Chong Bretillon has been a bicyclist in New York City for four years. She regularly makes the trek from her home in Long Island City to Manhattan for work. But if she wants to take a Citi Bike to Flushing to pick up groceries at her favorite Korean store, she’s out of luck.
“I can’t go to Flushing, which is where I need to go to get Korean groceries and Korean food. I have to have my own bike or I have to take public transportation,” she said.
Neighborhoods like Flushing and Jackson Heights in Queens, Brownsville and East New York in Brooklyn, and Soundview and East Bronx in the Bronx are among the many neighborhoods across New York City without access to bike share programs like Citi Bike.
It’s what Bretillon calls “unfair placement.”
“The placement of Citi Bike docks and the whole map is very unfair,” she said. “It favors Western Queens, for example, which are neighborhoods that skew wealthier, more educated, more white,” she said.
Bretillon started out using Citi Bikes to commute to and from work, crossing over a railyard in Sunnyside and over the Queensboro Bridge to CUNY where she works as a professor.
But peddling the 45-pound bike over the bridge every day to an inconvenient docking station soon grew “unwieldy,” and Bretillon, 41, decided to buy her own bike.
“I wanted a zippier ride, to be able to lock it up anywhere. A lot of times, Citi Bike docks are not located conveniently, they’re not located where I want to go a lot of the time. So I needed my own bike,” she said.
A 2019 study by Urban Politics and Governance, a research group at McGill University, showed that Citi Bike “serves the wealthiest, most privileged part of New York City.”
Meanwhile, more than 70 percent of neighborhoods with a median household income under $20,000 lack access to bike sharing.
Disparities for New Yorkers of color are even greater. 83.5 percent of New Yorkers of color don’t have access to Citi Bikes, and only 94,000 of the 2.5 million New Yorkers that live further than half a mile from a subway (3.8%) have Citi Bike stations.
Citi Bike was launched in 2013 as a public-private partnership between several companies, and doesn’t receive any subsidies from the city, despite pressure from council members to do so.
Marketa Mala, a graduate student, resident of Crown Heights, and bicyclist filled out a Department of Transportation questionnaire on Facebook in September of 2021 about where residents of Brooklyn’s community boards 3 (Bedford Stuyvesant), 5 (East New York), 8 (Crown Heights), 9 (Crown Heights), and 16 (Brownsville) wanted to see Citi Bike next.
She was excited when she saw the questionnaire because she doesn’t have a Citi Bike dock near her, even though there are docks on the western border of her neighborhood.

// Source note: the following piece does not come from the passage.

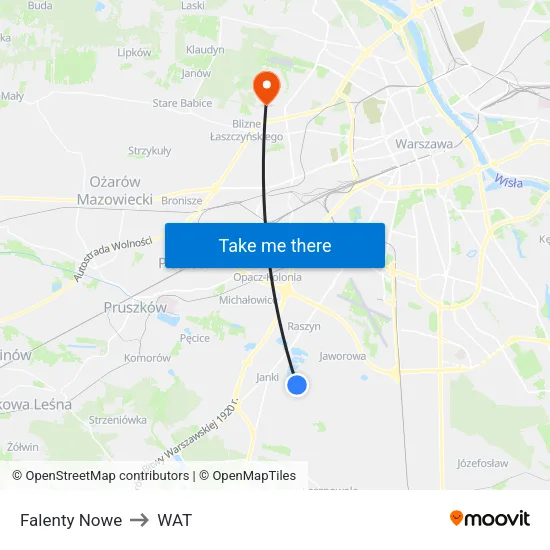 Falenty Nowe to WAT map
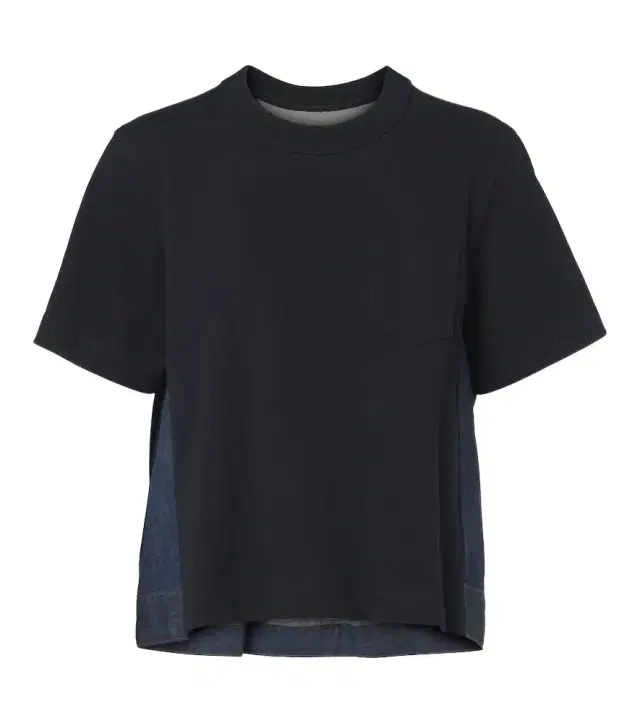 Sacai Cotton jersey and denim T-shirt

“Around Prospect Park there are all the stations, so it’s unfortunate that we are just a few stops from that, but unfortunately, we still don’t have it,” she said.
Mala commutes to and from New York University’s Tandon School of Engineering in Downtown Brooklyn with a bike she bought on Facebook Marketplace for $150, just $35 shy of the $185 annual Citi Bike membership price, which she said she would not have purchased had she had access to Citi Bikes.
“If Citi Bike was here I would probably rather have the membership because of the advantage that anywhere in the city I can go and I wouldn’t need to plan so much, like, where do I take my bike?” she said.
Expansion efforts have been slow to reach the neighborhoods addressed in the expansion plan, in part because Citi Bike does not receive subsidies from the city, and therefore, is not included in the annual budget that would ramp up expansion.
According to Cory Epstein, the Director of Communications at Transportation Alternatives, a non-profit for safer streets that worked to bring Citi Bike to New York City, public funding wasn’t initially available at the time of Citi Bike’s launch because ride share programs were a fairly new concept and New York City was still recovering from the recession.
“Bike Share was really new and no one knew how it would work,” he said. “But considering we know how much it works now, considering our different financial position, and considering that so many cities across the country have added public funding to expand their systems, we think it just makes sense for to expand it and use more public money to get it to expand quickly, make it more affordable and more accessible.”
A poll from Siena College published last year found that 63 percent of New York City voters support public funding for bike share, a sentiment Bretillon shares, especially because it could mean more access to bike share for low-income New Yorkers.
“If we had municipal bike share that was owned and operated and maintained by the city, they’d be able to make it practically free. I mean, it should be free,” she said.
Lyft, Citi Bike’s parent company, did not respond for comment.